• Directions for this task:
The reply should consist solely of the lines from the one that holds "Additionally, there is" through the last line of the material, reproduced exactly; no pictures belong in it.
= = = = =
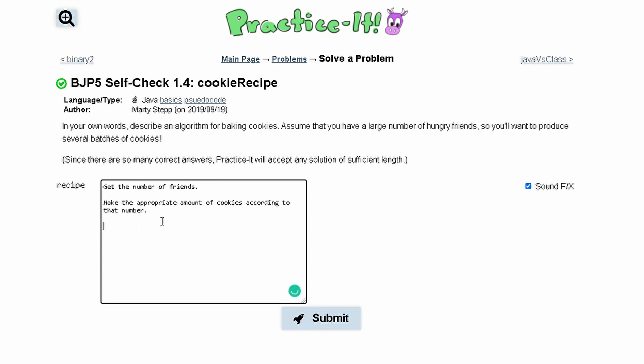In here we would have if statements, we would have methods, we would basically have steps that we would follow. So we would write step 1, which would be going to the store to get the supplies.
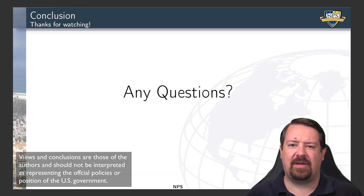That wraps up our discussion of content distribution networks and the DNS. We'll see you in the next video.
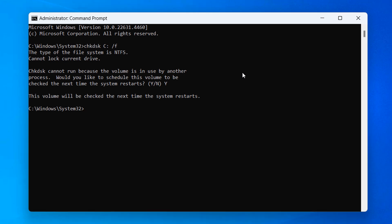Now when you restart your computer the disk check will run and hopefully any issues you're facing with your hard drive will be fixed.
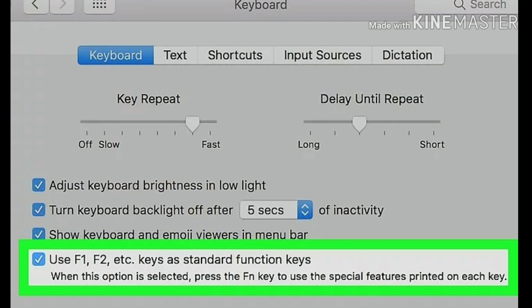You can use the function keys without pressing FN. If you want to use one of the special functions printed at the top of your keyboard, hold down FN while pressing the F key. This will now be the only function of your FN key.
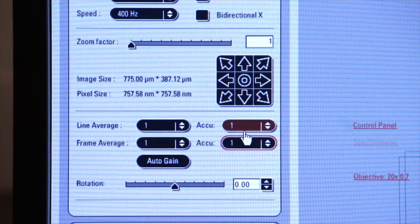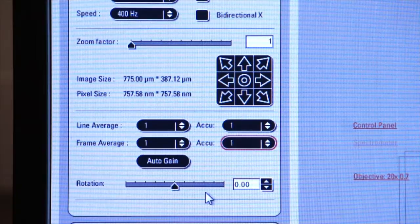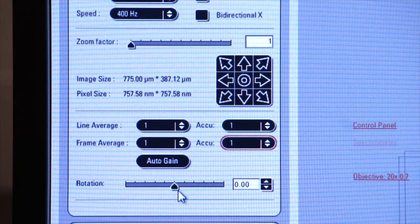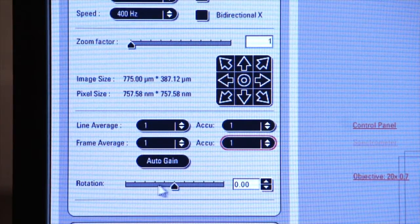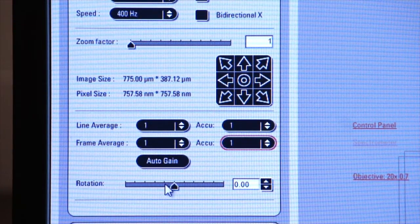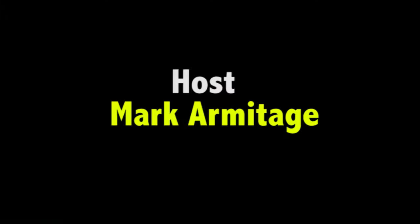Finally, there's a rotation bar here, and that allows you to rotate your image, your digitized image, on the screen.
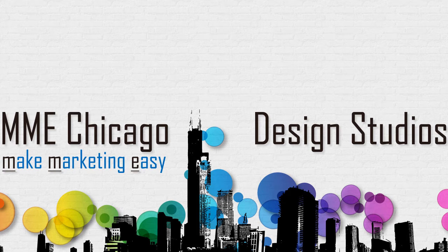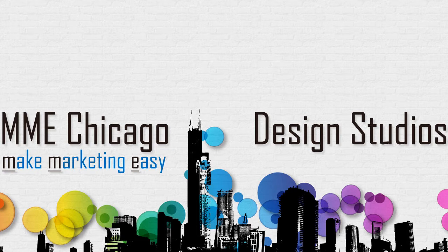This is another tutorial from MME Chicago Design Studios. In this tutorial, we'll be looking at the Webmail feature.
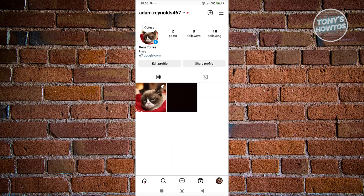But right now, with how Instagram actually works, some users report that they don't have this feature. Due to regional restrictions or sections in other countries, this feature might not be available for all users.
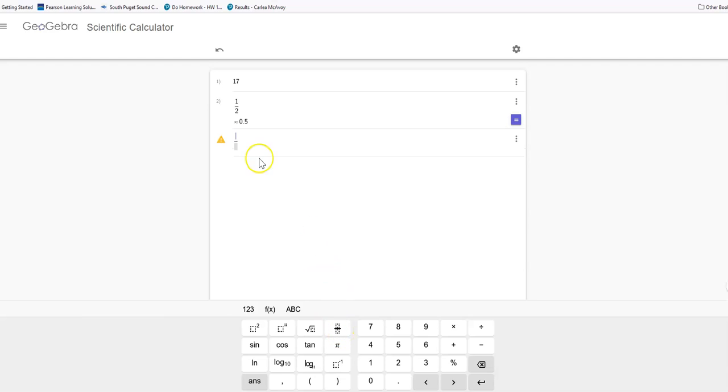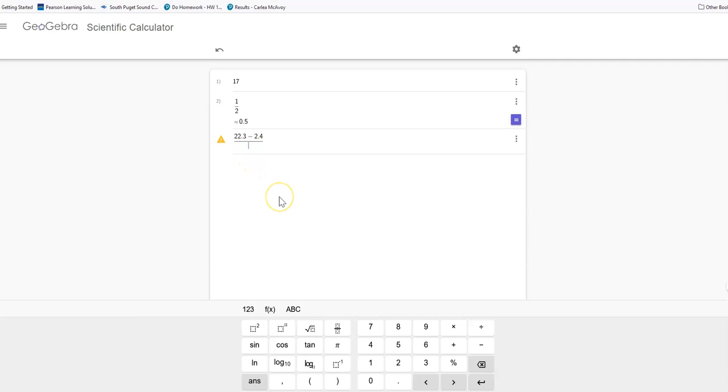So first of all, I'm going to subtract my maximum value. Let's say my maximum value is 22.3 minus my minimum value, let's say, is 2.4. And let's say that I want six classes.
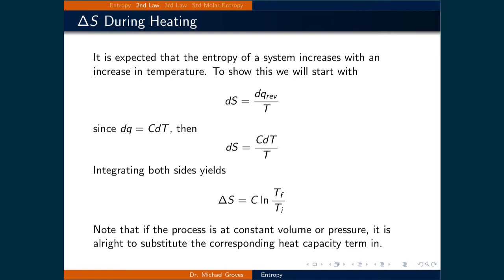It is expected that the entropy of a system increases with an increase in temperature. To show this, we will start with small changes in entropy: dS is equal to small changes in reversible heat, dq_rev, divided by T.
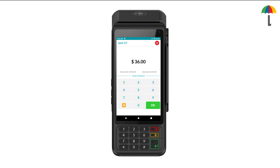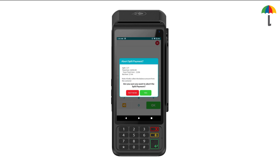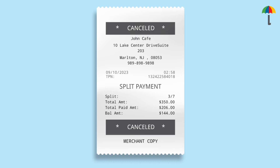If the customer decides against splitting the bill during the transaction, they can simply click here from this screen to cancel. A pop-up message will display the transaction details, showing the total amount the customer paid. If a printer is connected to the device, a receipt with the same details will print simultaneously for the merchant's records.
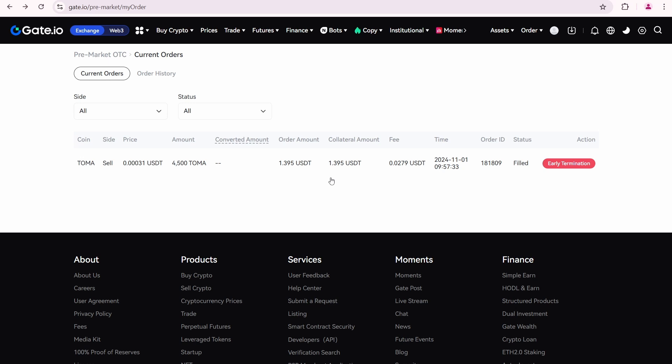So, what's next? Now I need to wait for the announcement of Tomarket's token listing date. Once the listing date is announced, I'll know the delivery time. At that time, I'll need 4500 Toma tokens in my Gate.io spot account. These tokens will be automatically withdrawn and sent to the buyer.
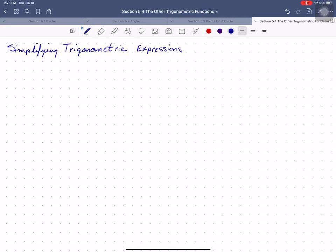We're going to talk about simplifying trigonometric expressions. I'm going to work through an example and we'll talk about this as we go. Suppose you are asked to simplify secant theta over tangent theta. What this really means is try to get this rewritten into a form that uses as few trigonometric functions as possible.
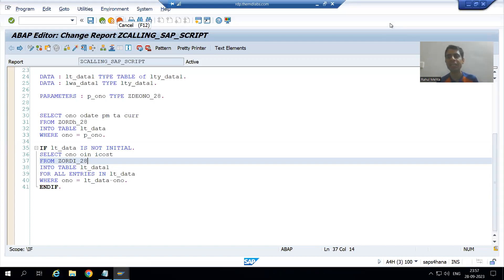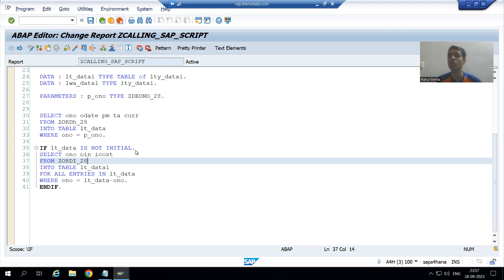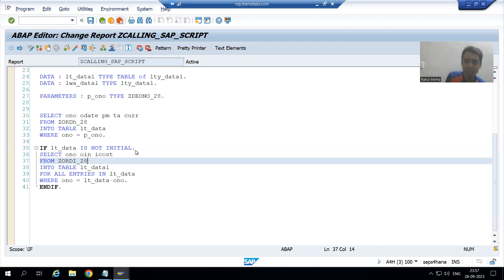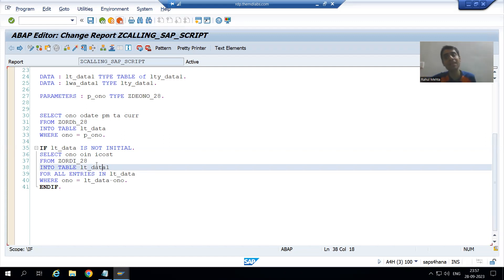Hello everyone, we will continue the topic SAP Scripts. In the previous video we started how to call a SAP Script from the driver program, and we wrote the whole logic in the driver program itself. We will not write the logic in the SAP Script itself. We designed the SAP Script and written the logic in the program, and our data is in two internal tables. Now the question is how we will pass this data to the script so that it will display.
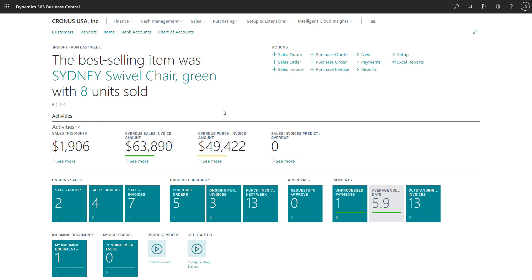Sometimes though we might want to add or remove things from our role center. This video covers how to personalize a role center.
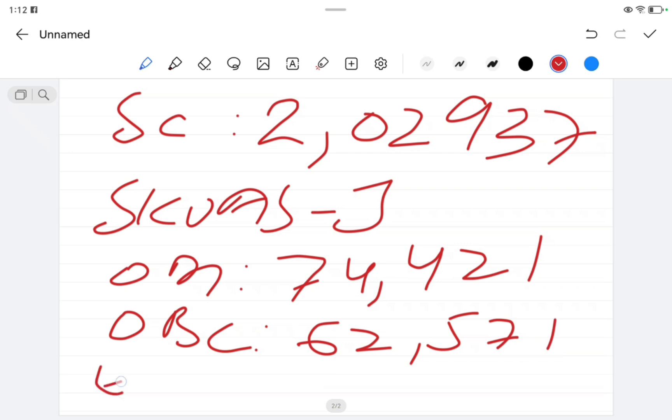And for EWS, the cutoff rank was 56,706.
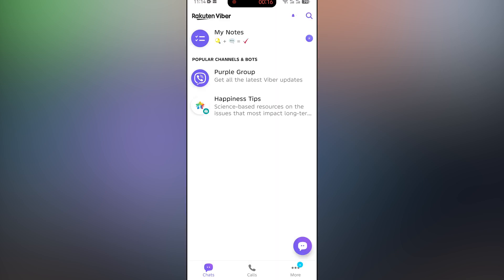After that, when you open Viber, you will see a prompt to link it with your primary account. Confirm this option and a QR code will appear on your primary phone.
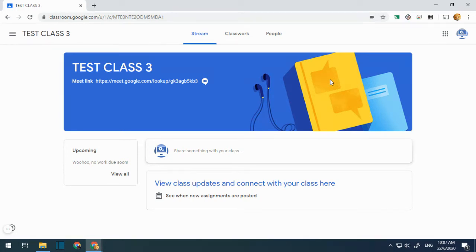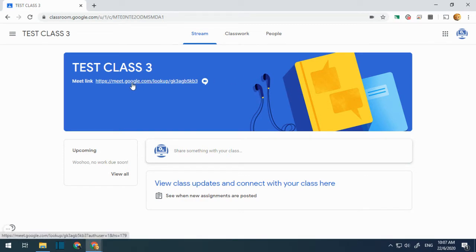Hello, now I'd like to show you how to join a meet session in Google Classroom. Once your lecturer has created a meet link in the class, click on this meet link to join.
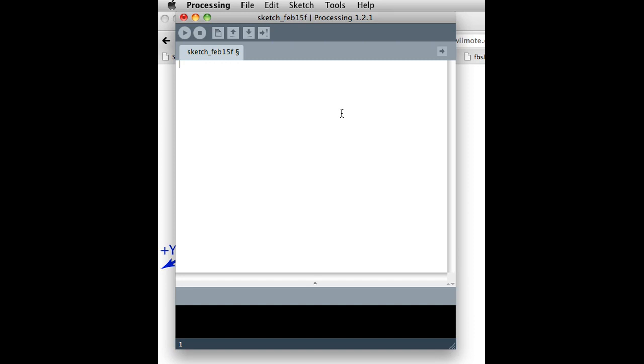But an OSC message might look something like this: button A. A message might come and that just means a message looking like this might come and that might mean that button A was pressed. Or it might come in looking like this: accelerometer, the x-axis returned a value of 0.97.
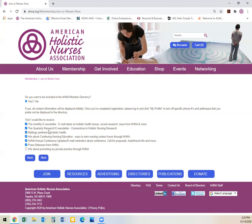Additionally, there is a quarterly research e-newsletter, which is research-based information. It will ask if you would like to be in mailings pertinent to holistic nursing and info about continuing nursing education. It will also ask if you would like to receive annual conference updates and email reminders about the AHNA annual conference, including calls for proposals, hotel and travel information, and much more. Also, it will ask if you would like to have press releases from AHNA so you can know when AHNA has submitted something of great importance.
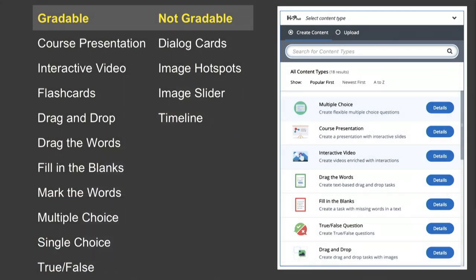Here I have listed some of the academic content types that we've chosen, divided into gradable and non-gradable. This is very helpful and something you'd want to show all of your instructors from the very beginning. The ones denoted in green are content types that we've had to enable in order to utilize in larger, more robust applications, such as the interactive video and course presentation.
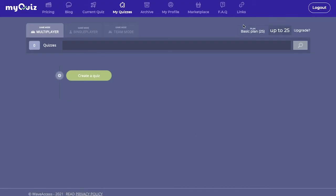Once I'm logged in, in the upper right corner I see my plan, which is the basic plan and allows up to 25 players per game. We have paid plans which allow for up to a hundred thousand concurrent players per quiz.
= = = = =
• Exercise result:
Additionally, there is a quarterly research e-newsletter, which is research-based information. It will ask if you would like to be in mailings pertinent to holistic nursing and info about continuing nursing education. It will also ask if you would like to receive annual conference updates and email reminders about the AHNA annual conference, including calls for proposals, hotel and travel information, and much more. Also, it will ask if you would like to have press releases from AHNA so you can know when AHNA has submitted something of great importance.
Here I have listed some of the academic content types that we've chosen, divided into gradable and non-gradable. This is very helpful and something you'd want to show all of your instructors from the very beginning. The ones denoted in green are content types that we've had to enable in order to utilize in larger, more robust applications, such as the interactive video and course presentation.
Once I'm logged in, in the upper right corner I see my plan, which is the basic plan and allows up to 25 players per game. We have paid plans which allow for up to a hundred thousand concurrent players per quiz.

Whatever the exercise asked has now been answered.